Oscar Ratings Down Double Digits, Eye All-Time Low In Early Estimates
It was an Oscar do-over last night for host Jimmy Kimmel, producers Mike De Luca and Jennifer Todd and Best Picture presenters Warren Beatty and Faye Dunaway. Following last year’s Envelopegate, which led to Beatty and Dunaway inadvertently announcing a wrong Best Picture winner, the quartet’s second go-around went without a hitch.
The good news did not carry over to ratings for the 90th Academy Awards, which (correctly) crowned The Shape of Water as Best Picture. Last night’s ceremony, which aired live from 8 PM – 11:54 PM EST, drew a 18.9 Live+Same Day rating in the metered market households. That was off 16% from last year’s 22.4 rating, which was a nine-year low. The 18.9 appears to be an all-time low for the Oscars, well below the previous low ratings point, logged with the 2008 telecast (21.9), hosted by Jon Stewart, when No Country For Old Men won Best Picture.
That, despite the fast that The Shape of Water was the the highest-grossing Best Picture winner in five years.

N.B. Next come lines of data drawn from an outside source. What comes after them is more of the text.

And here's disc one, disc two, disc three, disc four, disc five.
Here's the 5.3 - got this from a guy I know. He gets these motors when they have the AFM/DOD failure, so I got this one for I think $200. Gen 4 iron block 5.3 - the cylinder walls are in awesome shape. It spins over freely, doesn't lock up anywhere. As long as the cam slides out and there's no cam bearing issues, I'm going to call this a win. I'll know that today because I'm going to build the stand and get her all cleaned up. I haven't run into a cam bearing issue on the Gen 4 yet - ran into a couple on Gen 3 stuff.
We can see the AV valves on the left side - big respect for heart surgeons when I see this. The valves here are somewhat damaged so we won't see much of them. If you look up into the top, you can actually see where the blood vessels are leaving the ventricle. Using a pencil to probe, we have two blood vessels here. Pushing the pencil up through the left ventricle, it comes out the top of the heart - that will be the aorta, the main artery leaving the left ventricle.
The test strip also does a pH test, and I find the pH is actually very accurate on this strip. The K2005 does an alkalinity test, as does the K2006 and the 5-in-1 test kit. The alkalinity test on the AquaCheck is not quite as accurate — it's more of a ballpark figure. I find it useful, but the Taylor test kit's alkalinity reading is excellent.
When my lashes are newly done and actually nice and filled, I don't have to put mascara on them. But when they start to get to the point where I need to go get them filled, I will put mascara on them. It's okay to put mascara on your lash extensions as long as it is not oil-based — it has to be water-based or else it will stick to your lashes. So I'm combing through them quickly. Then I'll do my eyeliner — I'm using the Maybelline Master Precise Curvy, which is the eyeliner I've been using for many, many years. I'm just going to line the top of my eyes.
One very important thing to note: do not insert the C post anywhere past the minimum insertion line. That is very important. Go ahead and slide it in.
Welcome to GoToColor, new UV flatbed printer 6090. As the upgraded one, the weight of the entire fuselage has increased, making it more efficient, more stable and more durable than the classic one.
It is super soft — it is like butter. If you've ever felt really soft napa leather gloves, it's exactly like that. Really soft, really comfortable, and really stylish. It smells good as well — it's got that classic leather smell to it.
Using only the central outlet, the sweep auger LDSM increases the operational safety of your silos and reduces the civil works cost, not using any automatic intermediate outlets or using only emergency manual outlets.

Last year, the 22.4 metered market rating translated to 32.9 million viewers — also a nine-year low — and a 9.1 rating among adults 18-49. We will update with viewership and demo numbers when they become available later today. (Last night’s metered-market total does not include ratings for the Boston TV market, which was hit by severe weather.)
The best that Hollywood’s big night has done in the first round of ratings over the past decade-plus was back in 2005. That show, hosted by Chris Rock, got a 30.1 metered market households. Clint Eastwood’s Million Dollar Baby won Best Picture that year, and the broadcast went on to score 42.1 million viewers in the final number. With 12 Years a Slave winning Best Picture, the 2014 Oscars fronted by Ellen DeGeneres (27.9 metered market HH rating) drew the biggest overall audience of the 21st century, with 43.7 million tuning in.